Season 2 of "Pennyworth" ended on a cliffhanger, with Mrs. Pennyworth learning her husband is still alive after turning traitor and apparently dying at the end of Season 1. Beyond that, Mr. Pennyworth shares information with Alfred after experiencing a change of heart against the fascistic Raven Union. This leads to Alfred and Gully rushing to find the Stormcloud bomb, which is under threat of imminent detonation. Recognizing that they're running out of time, Alfred and Gully try to think of ways to stop this catastrophic scenario from taking place. Gully decides to simply swallow the detonating capsule, then turns blue and apparently dies — emphasis on "apparently."

When the New Raven Union attacks London, they're thwarted by our cast of anti-fascists, joined by Gully, who now has life-draining superpowers and goes by the name Captain Blighty. The civil war draws to a close between seasons with the League as the victors, so the start of Season 3 features a time jump five years into the future. 

Alfred's security company is getting bigger all the time and now includes Daveboy and Bet. Meanwhile, Lucius and Martha are working together as agents for MI5, Thomas is a doctor, and Mrs. Pennyworth is busy caring for the young Samantha Wayne. Bet's girlfriend Katie is gone, but Bet takes in a baby after killing the parents in her hunt to find Salt, the murderous man who nearly detonated Stormcloud.

The Lullaby victims

One of the stranger things to happen in Season 3 of "Pennyworth" is the revelation that Wayne Enterprises has been working with a rogue faction of the CIA to create a psychokinetic drug intended to make the people of London mentally suggestible and compliant. We're going to admit that we did not expect the Waynes to be responsible for creating their own MKUltra, but to be fair, Thomas' father Patrick was blackmailed into being involved.
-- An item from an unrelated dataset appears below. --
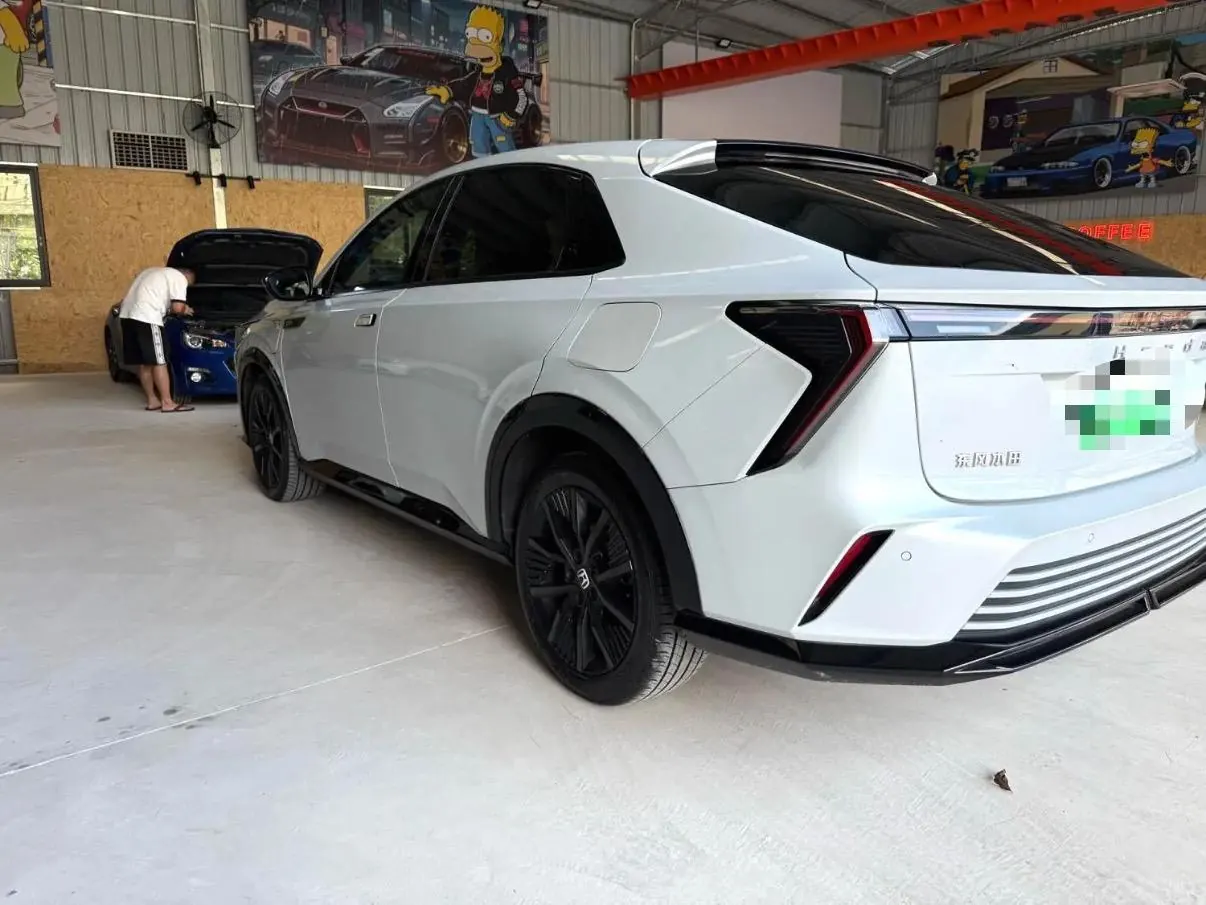 Honda 2024 Hunting Light e:NS2 Shining Edition Automatic Gear 7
Further, Martha is working in secret to put a stop to the whole thing, and Thomas is absolutely horrified when he learns of the existence of Lullaby. Still, regret doesn't count for much when people are dying, and Lullaby causes a lot more problems than the Wayne family can contain.

In the first episode of Season 3, a woman named Jessica kills her parents under the influence of Lullaby, and it's up to Alfie to try and help her understand what's happened to her. This escalates throughout the season until Lullaby is leaked into the milk supply of London, causing mass hallucinations. The finale begins with Alfie and Sandra fleeing a mob of Lullaby victims out for blood, and the episode works to tell us how this came to be. It's something that has to be seen to be believed, but the end result is that a whole lot of people die, and Alfie barely gets Sandra out of London alive.

Sandra and Alfie

Anyone who was in for the long game with "Pennyworth" knows that our good man is a pretty terrible boyfriend for the most part. After losing Esme to a targeted act of violence in Season 1, Alfred falls for the singer Sandra in a big way while she works at his bar in Season 2. Naturally, this doesn't stop him from having hookups galore on the side and generally staying emotionally unavailable for Sandra. Though she rises to great heights in her career as a pop star throughout the show, Alfred doesn't appreciate her as he should, and it causes massive strain on their relationship all the way to the last episode.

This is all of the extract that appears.